According to the mutual agreement, Retton kept the proceeds from a $50,000 endorsement deal as a spokesperson for a top vitamins and supplements firm, as well as $8,000 in cash.

Retton, who was inducted into the International Gymnastics Hall of Fame in 1997, also retained the sole rights over her company MLR Entertainment, Inc.

She used the firm, registered in Texas where there are no corporate income taxes, to receive payment for her media and public appearances.

Her homepage with the D.C.-based talent agency Washington Speakers Bureau states that she asks between $25,000 and $40,000 per speech.

The sales of the couple's two houses also raked in cash. The West Virginia home which they bought for $105,000 in 2007, was sold for $575,000.

The four-bedroom, 3,000-square-foot country home built across four acres is now worth more than $625,000.

Their Houston house was sold off for nearly $800,000.

Retton, who was fitted with metal hip replacements in 2005 and 2011, launched legal action against the manufacturer, Biomet, in 2016.

She sued for damages from the company after she needed risky revision surgery to remove the devices.

According to a court filing, she said the implants were plagued by defects that left patients in writhing pain, accusing the Indiana-based firm of negligence and fraud.

The faulty products were the subject of a slew of lawsuits against the company nationwide.

In 2020, two patients from Washington State tried to get Retton to sit for a deposition to tell how the Biomet implants had made her life a misery. 

But Retton slammed their request as 'annoying', claiming that she was too busy with her money-spinning media and public relations work.

'I pride myself on and depend financially (via, e.g., sponsorships, public appearances, literary rights) on my public image and my brand,' Retton said in the sworn statement.

'The disclosure of the confidential and personal information above in a deposition would harm, and potentially devalue, my public image and my brand. That outcome would also harm my children, who depend on me for financial support.'

She added: 'Being deposed would cost me a day of my time, which would interfere in potential and/or promised income received from my current means of work such as, sponsorships, public appearances, and/or literary rights.
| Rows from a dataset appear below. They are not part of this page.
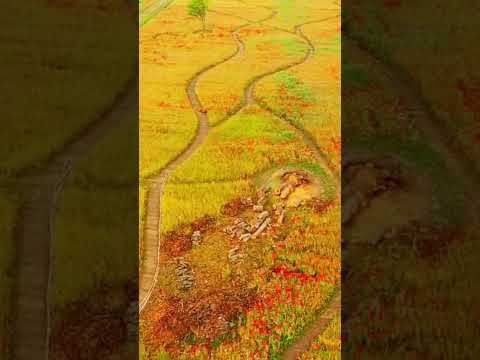 [드론촬영] 함안군(악양둑방양귀비)_MAVIC2PRO/Haman-gun (Akyang Bank Poppy)_MAVIC2PRO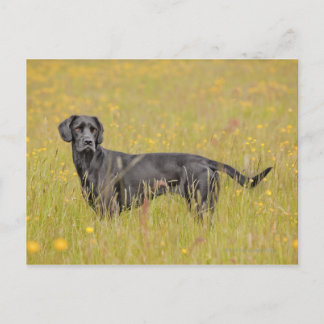 Puppy 16 Months Postcard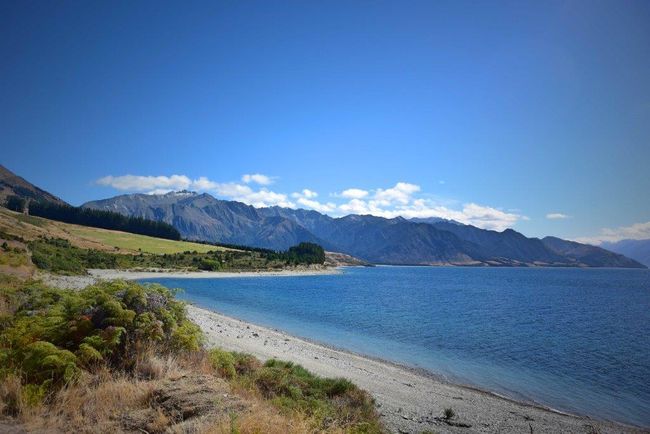 Wanaka - West Coast of New Zealand (Haast)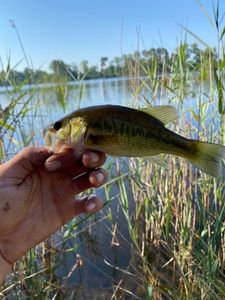 Largemouth Bass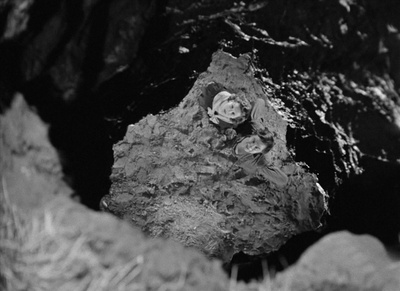 牙买加旅店剧照的剧照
'Additionally, expenses incurred and the physical burden of travel and/or appearance for a matter not related to me would be greatly burdensome.'

That lawsuit ended up being settled out of court and Retton was never deposed.

The Olympic champion's image was used to aggressively market the hip replacement products as part of a paid endorsement deal for an undisclosed fee that ran from 2006 to 2013.

Retton had also struck an out-of-court settlement with Biomet on June 27, 2019.

Her divorce deal with Kelley stipulated that she would keep at least 80% of any settlement with Biomet in a structured deal where he would only get 20% if she was awarded more than $2 million. He wouldn't get anything at all if she received less than $200,000.

But the agreement was never made public on confidentiality grounds, so it is unclear how much she received in compensation. has reached out several times to Retton for comment but she did not respond.